In the shadow of an escalating trade war, momentum is picking up to protect the World Trade Organization from turning irrelevant.
The European Union will host trade ministers from the U.S. and Japan next month in Brussels, according to two officials with knowledge of the meeting. The gathering will be part of an effort to address China’s trade practices in a way that doesn’t marginalize the WTO, said the officials, who asked not to be identified because preparations are private. The meeting will precede about 10 high-level confabs around the globe over the next year aimed at calming trade tensions.
“The situation is serious,” WTO Director-General Roberto Azevedo told reporters last month in Geneva. “There are many leaders in the world that already understand that we need to have negotiations, that we need to sit down and talk, that we need to find solutions.”
Rising China
The Trump administration, arguing that the WTO is incapable of addressing the problems created by China’s rapid economic ascent, has resorted to unilateral tariffs on $50 billion worth of Chinese goods. Beijing has retaliated in kind with duties on $50 billion worth of U.S. goods and pledged to respond if Trump follows through with his threat of levies on an additional $200 billion of Chinese products. Washington’s decision to side-step the WTO has raised concern that the trade body could slide into obsolescence if steps aren’t taken to shore it up.
In May—a day after President Emmanuel Macron proposed negotiations to reform the WTO—the U.S., the EU and Japan met in Paris and reiterated their concern with some non-market-oriented measure of some partners. The trilateral group issued a joint statement citing the need to address “the trade-distorting policies of third countries.”
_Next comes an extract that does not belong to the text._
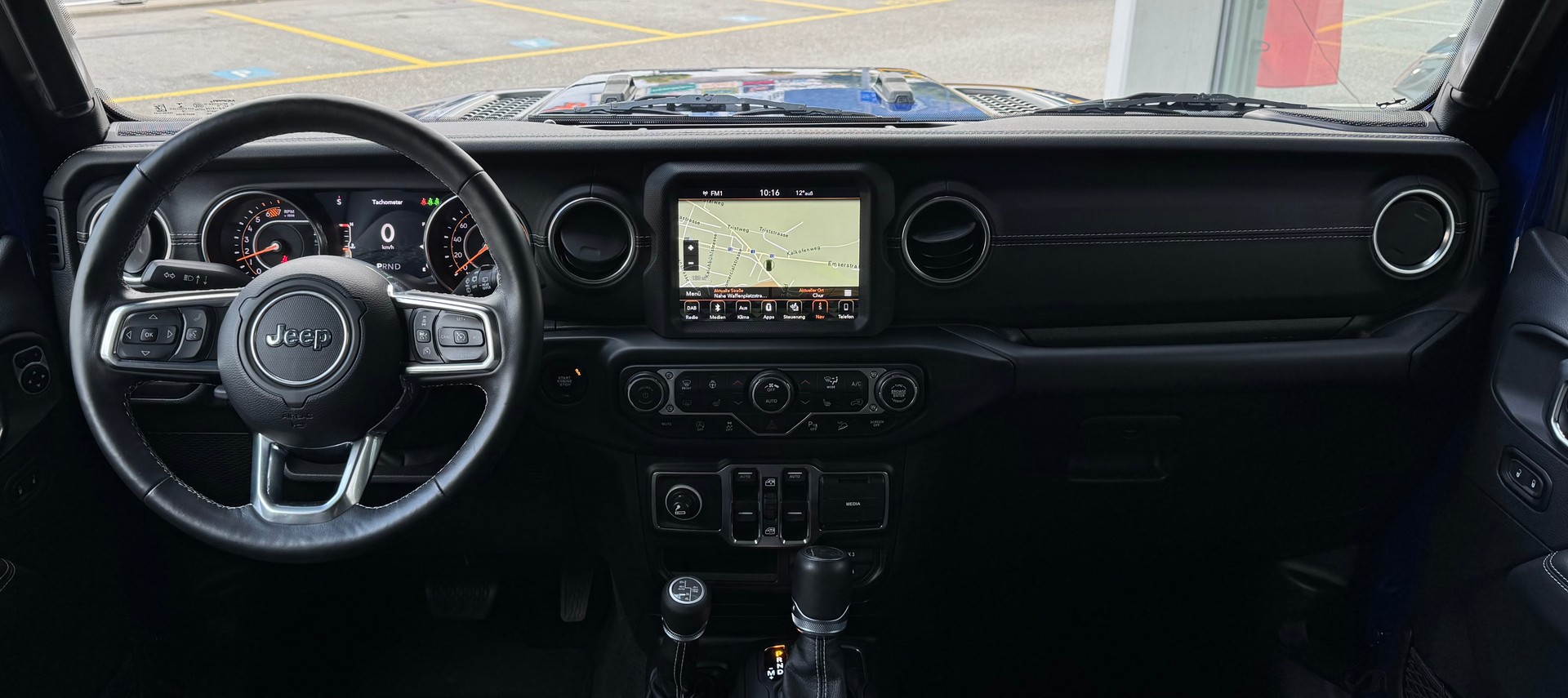 JEEP Wrangler 2.0 Unlimited Overland Automatic-image-11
In addition to the Brussels meeting next month, the EU will soon unveil a plan to reform the WTO, seeking to make negotiations more flexible, reduce trade costs, make the dispute-settlement system more transparent, and to strengthen the trade body itself, according to a draft proposal seen by Bloomberg.
Reforming the WTO as well as addressing Chinese trade abuses will be discussed at a host of meetings around the world over the next year, including an October gathering in Ottawa of about a dozen trade ministers. The topics will also be raised at a high-level Asia-Pacific Economic Cooperation meeting in Papua New Guinea in November; in December, leaders from the Group of 20 economies will bring up reform in Buenos Aires; French President Emmanuel Macron proposed discussions this fall in Paris; and there will be a ministerial meeting on the sidelines of the World Economic Forum in Davos.
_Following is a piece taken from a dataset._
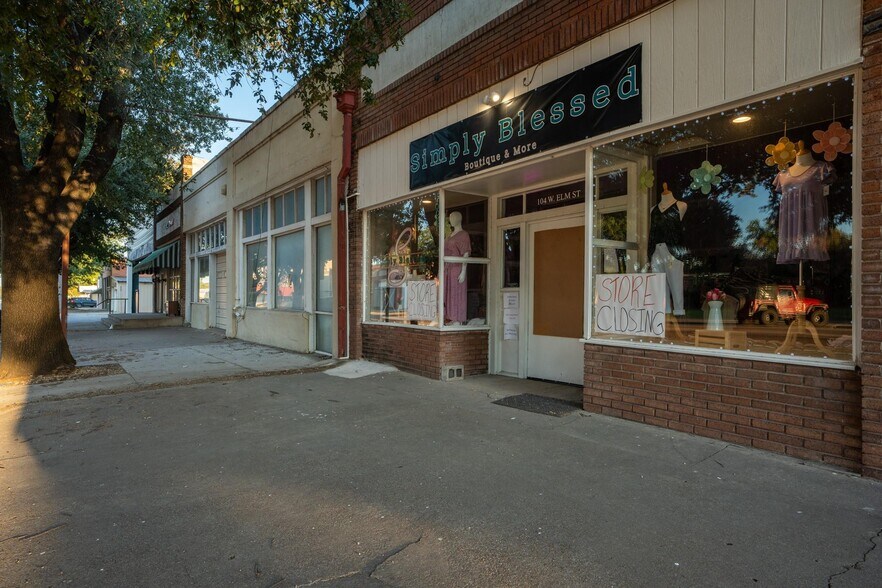 More Photos Of 102 W Elm St, Hillsboro Storefront Retail Office For Sale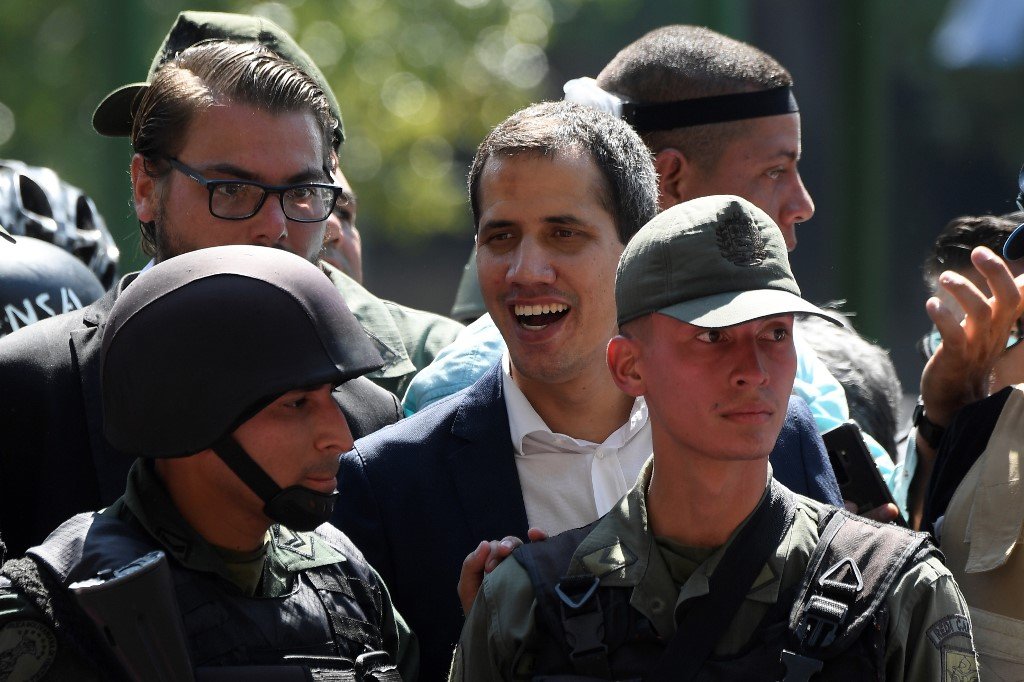 EKTAKTO: Χτυπήθηκε από σφαίρα αξιωματικός του στρατού της Βενεζουέλας! – Εμπλοκή μισθοφόρων; – «Bόμβα» από τον ιδρυτή της Blackwater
“The United States is gratified that an increasing number of WTO members appear to be heeding our call on the urgent need to make the WTO work better,” Dennis Shea, the U.S. Ambassador and Permanent Representative to the WTO, said in an emailed statement.
Sooner the Better
The push comes as Trump announced on Monday that the U.S. would terminate the North American Free Trade Agreement and sign a new trade accord with Mexico. The move could potentially leave Canada out of the trading bloc.
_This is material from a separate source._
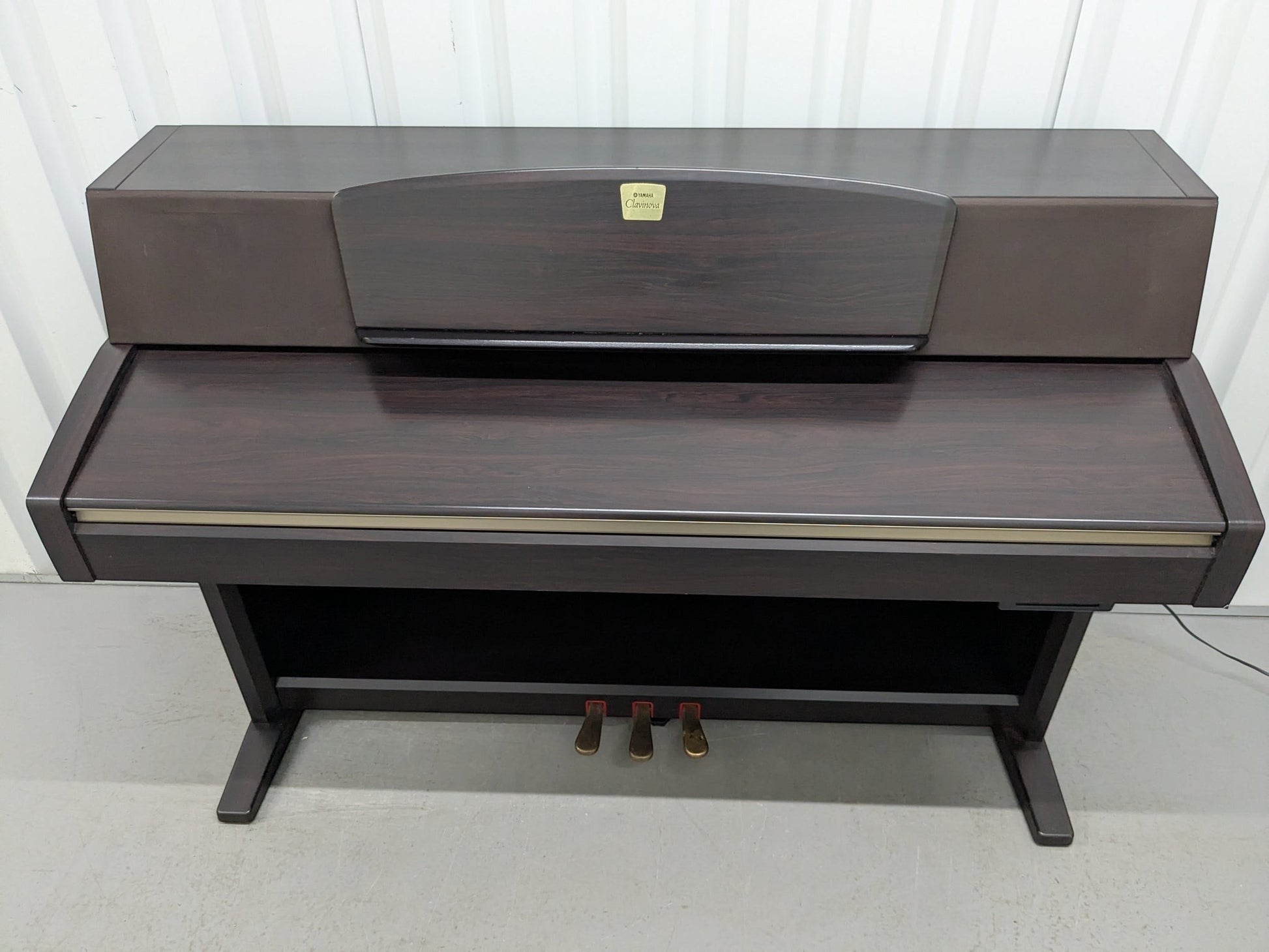 Đàn piano điện Yamaha CLP-970 màu gỗ tối sang trọng tại Tân Nhạc Cụ với thiết kế dáng tủ cổ điển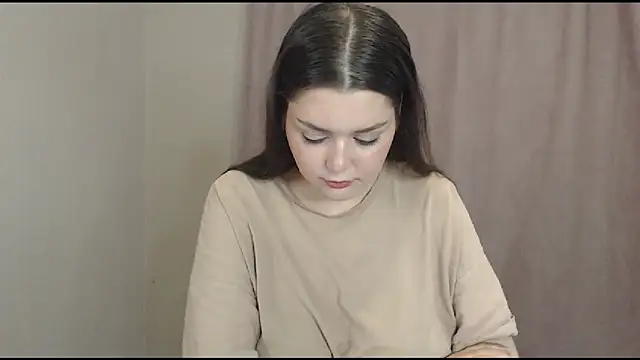 ohhhMie online show from 6, 10, 2025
As tensions between the U.S. and China escalate, threats to the WTO are growing larger, making it difficult for its members to delay reforms any longer.
Since August 2017, the U.S. has blocked nominees to the WTO’s appellate body saying it has overstepped its mandate. In October, the seven-member panel will operate with only three remaining members, which is the minimum number of panelists required to sign off on appeals cases. If the U.S. continues its hold, the body will be paralyzed in late 2019 because it won’t have the three panelists required to sign off on rulings.
“We don’t necessarily have a due date but we all know that we need to get the process right,” Mexico’s Undersecretary of Foreign Trade Juan Carlos Baker told Bloomberg Law during a press briefing in Geneva. “And for that the sooner we start the better.”